* [Problem to solve] What you write should be an exact repeat of the lines from the one with "Roter Stecker mit" through the final line below, minus the pictures.
Data extract Block Start
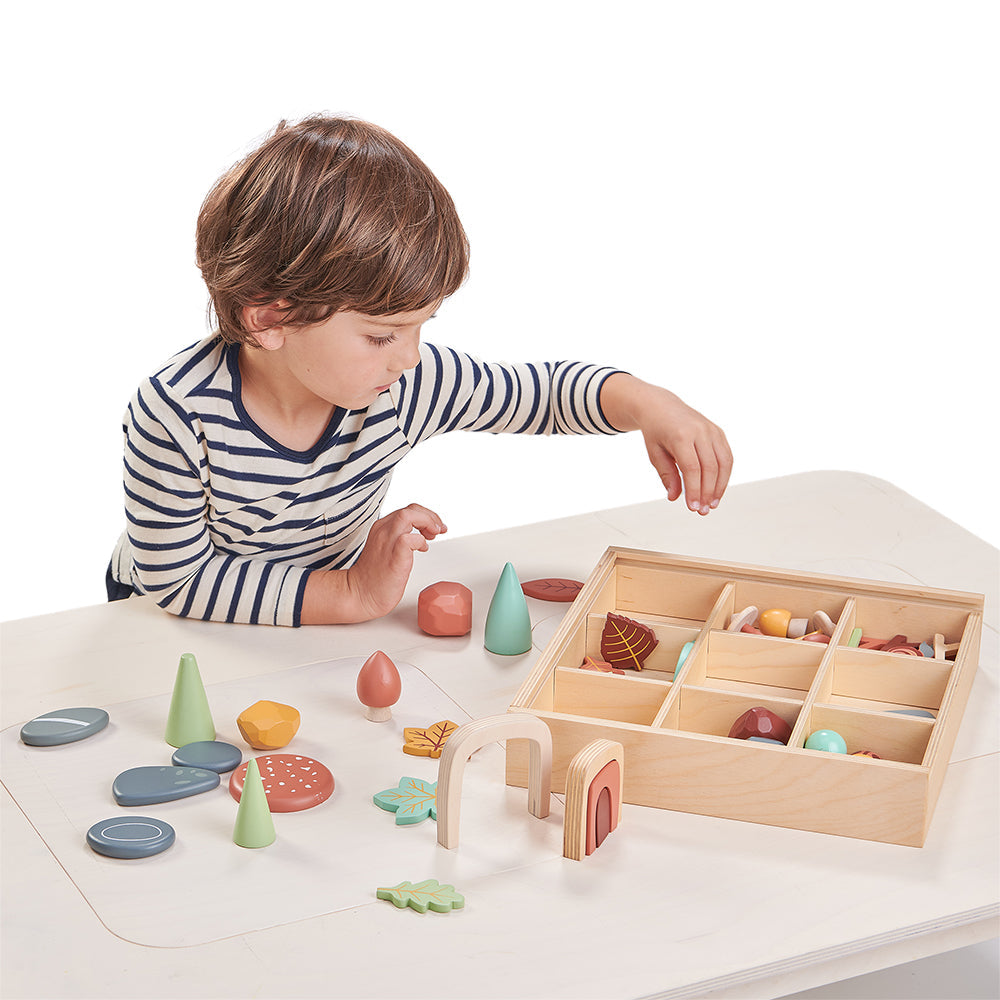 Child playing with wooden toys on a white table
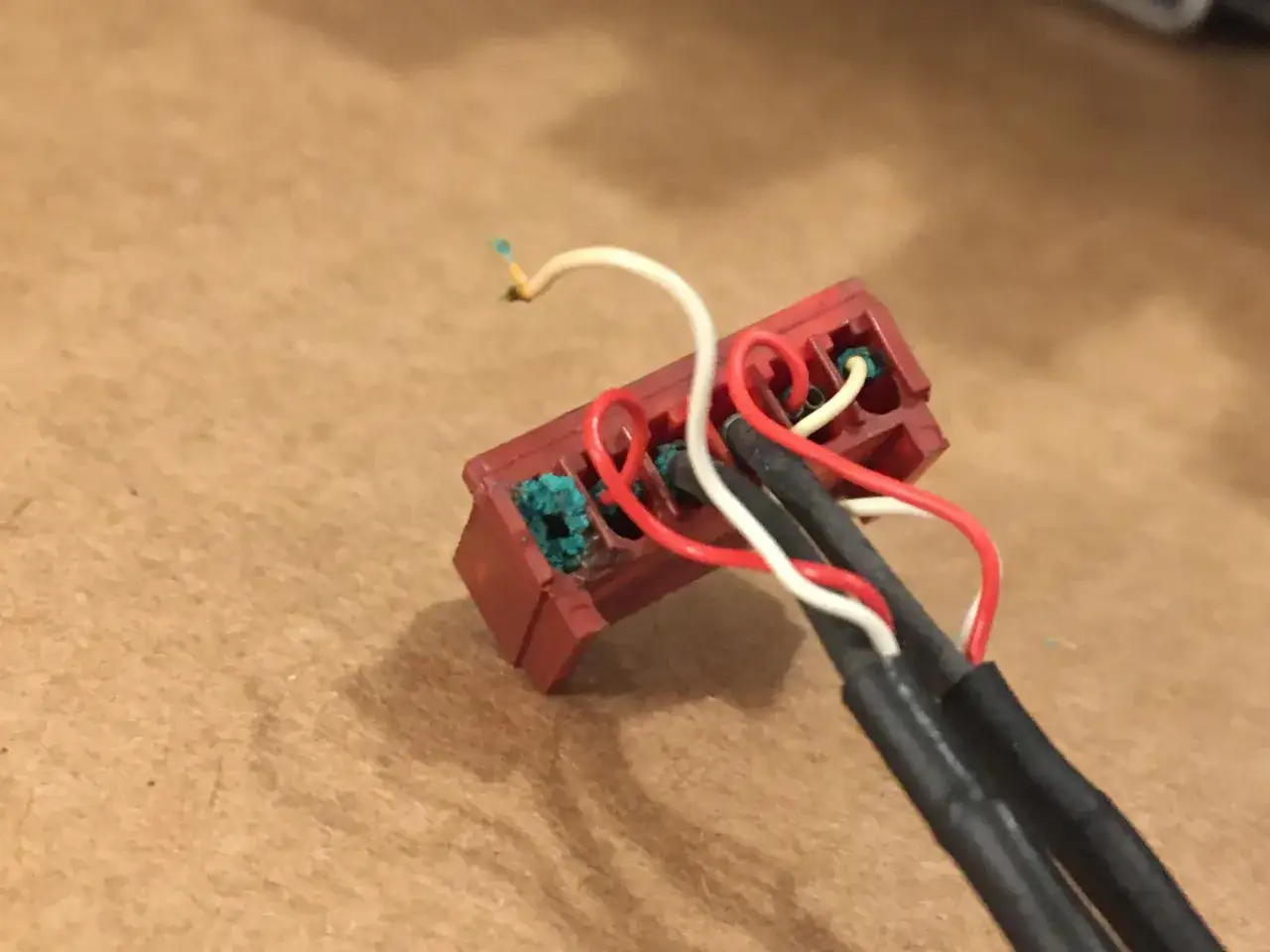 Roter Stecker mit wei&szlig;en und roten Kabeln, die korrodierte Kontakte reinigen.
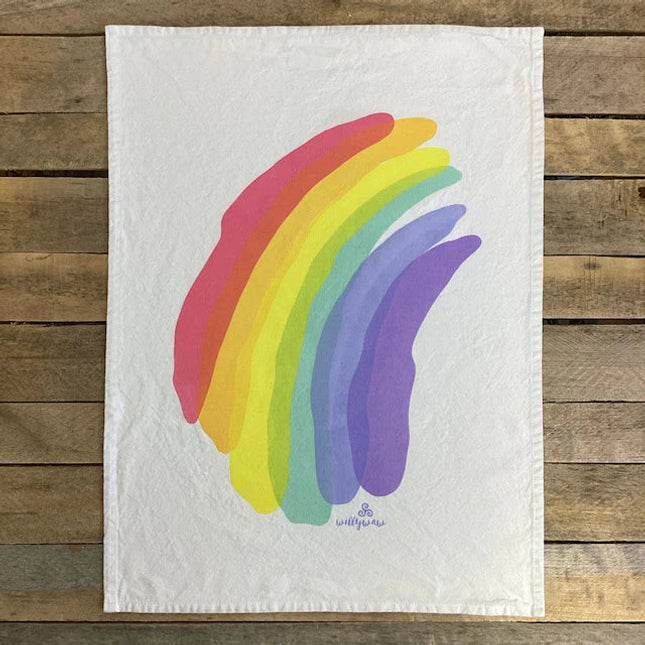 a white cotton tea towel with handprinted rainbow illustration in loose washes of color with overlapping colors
Data extract Block End
* [Answer for this exercise]
 Roter Stecker mit wei&szlig;en und roten Kabeln, die korrodierte Kontakte reinigen.
 a white cotton tea towel with handprinted rainbow illustration in loose washes of color with overlapping colors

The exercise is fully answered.